飾りつけられた部屋、テーブルには手作りの料理やケーキが並んでいる。
「いや、マジで……俺の誕生日なんて、気にするようなもんじゃねぇだろ」
「そんなことないよ! 大事な日じゃん!」
結花がむくれる。
「誕生日は、祝うもんだろ?」
朔が当然のように言うと、隼人も優しく微笑んだ。
「幸次さんが気にしなくても、僕たちは祝いたいんです」
「……」
幸次は少しだけ目を伏せた。
(……こいつら、本当に……)
「……ま、ありがとうな」
その小さな呟きに、4人は嬉しそうに笑った。
③ それぞれのプレゼント
「じゃあ、プレゼントタイムいきましょう!」
結花が元気よく言うと、まずは朔がプレゼントを差し出した。
「ほら、これ」
「なんだ?」
「革のブックカバー。
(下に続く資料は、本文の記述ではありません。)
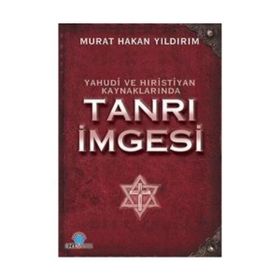 Ozan Yayıncılık Yahudi Ve Hristiyan Kaynaklarında Tanrı İmgesi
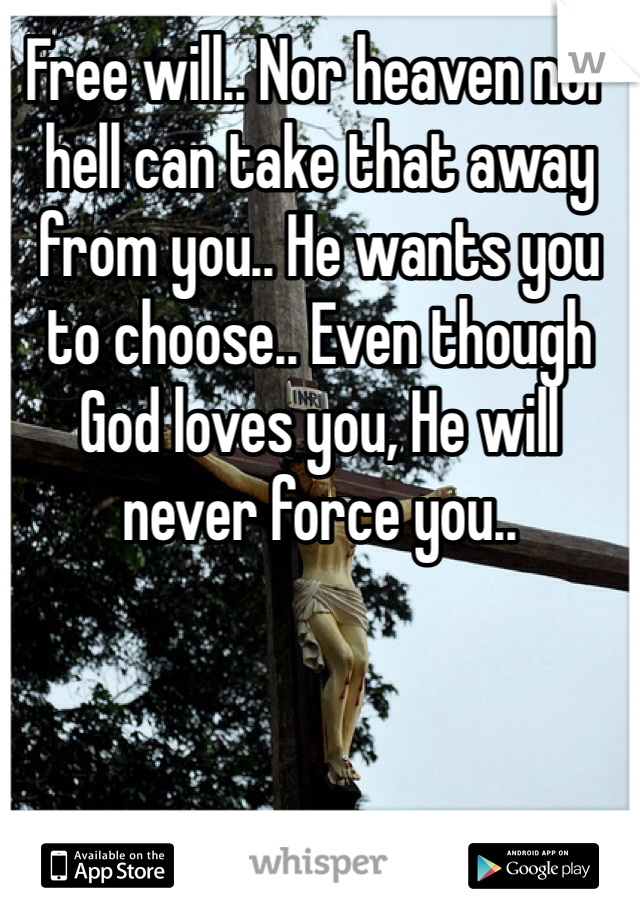Free will.. Nor heaven nor hell can take that away from you.. He wants you to choose.. Even though God loves you, He will never force you..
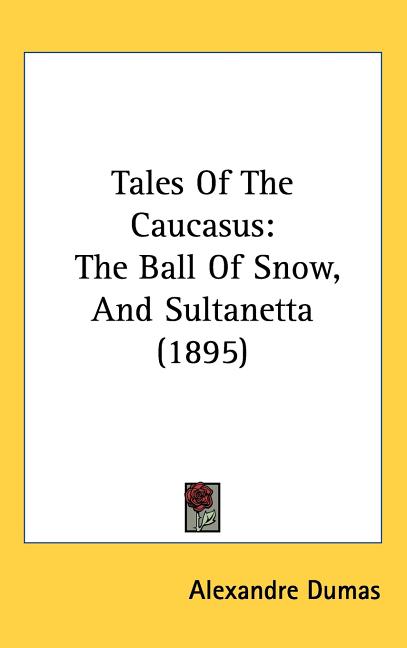 Tales Of The Caucasus: The Ball Of Snow, And Sultanetta (1895) - Ingram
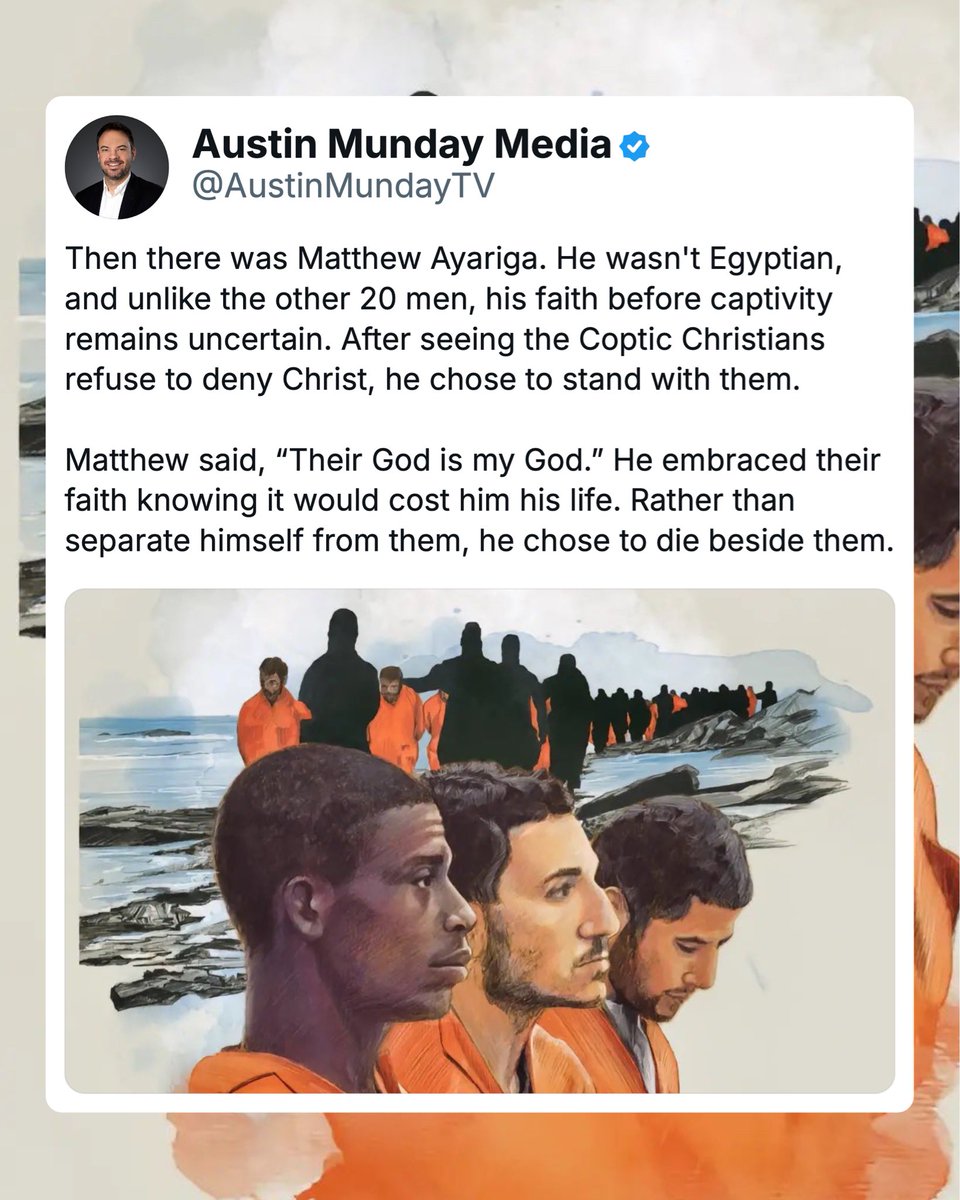 AustinMundayTV's tweet photo. In 2015, ISIS kidnapped 20 Egyptian Coptic Christians working in Libya and later executed them on a Mediterranean beach because of their Christian faith. The men were ordinary migrant workers trying to support their families, yet even in their final moments they were seen praying to Jesus rather than abandoning their faith.

Alongside them was Matthew Ayariga, a migrant worker from Ghana. After witnessing the others refuse to deny Christ, he declared, “Their God is my God,” and chose to die beside them. Today, all 21 are remembered as martyrs, their story becoming a powerful symbol of faith and courage in the face of persecution.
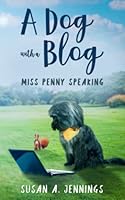 A Dog with a Blog: Miss Penny Speaking 1989553192 Book Cover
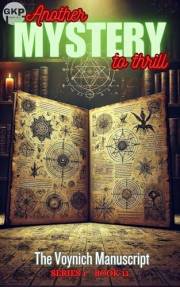 The Voynich Manuscript (GKP Mysteries - Another Mystery to Thrill Series 1 Book 11)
お前、読書ばっかしてるし、ボロいの使ってたからな」
「……確かに、最近ボロボロだったな」
幸次は苦笑しながらブックカバーを手に取った。
「サンキュ」
次に、隼人がワインを渡した。
「これは?」
「ワインです。幸次さん、たまに飲みますよね?」
「まあな……良いのか、こんな高そうなやつ」
「誕生日なので」
「……ま、ありがたくもらっとく」
そして、結花が栞を渡した。
「私のは、これ!」
「……手作り?」
「うん! 私のセンスが光ってるでしょ?」
「……まあ、悪くねぇな」
最後に、美紅が千日紅のブーケを差し出した。
「……これ、俺に?」
幸次は少し驚いたように目を見た。
「うん。幸次さんの誕生花なんだって」
「……へえ」
幸次は、しばらく花を見つめていた。
「花言葉も、なんか……幸次さんっぽくて」
「……」
「『不朽』『永遠の恋』『不死』——」
そう言った瞬間、幸次の指がぴくりと動いた。
ほんの一瞬だった。
でも、美紅は確かに見た。
「……俺っぽい、ねぇ」
幸次は小さく笑うと、そっと花束を抱えた。
「悪くねぇな」
「ふふ、よかった」
美紅が微笑むと、幸次は目を伏せたまま小さく息を吐いた。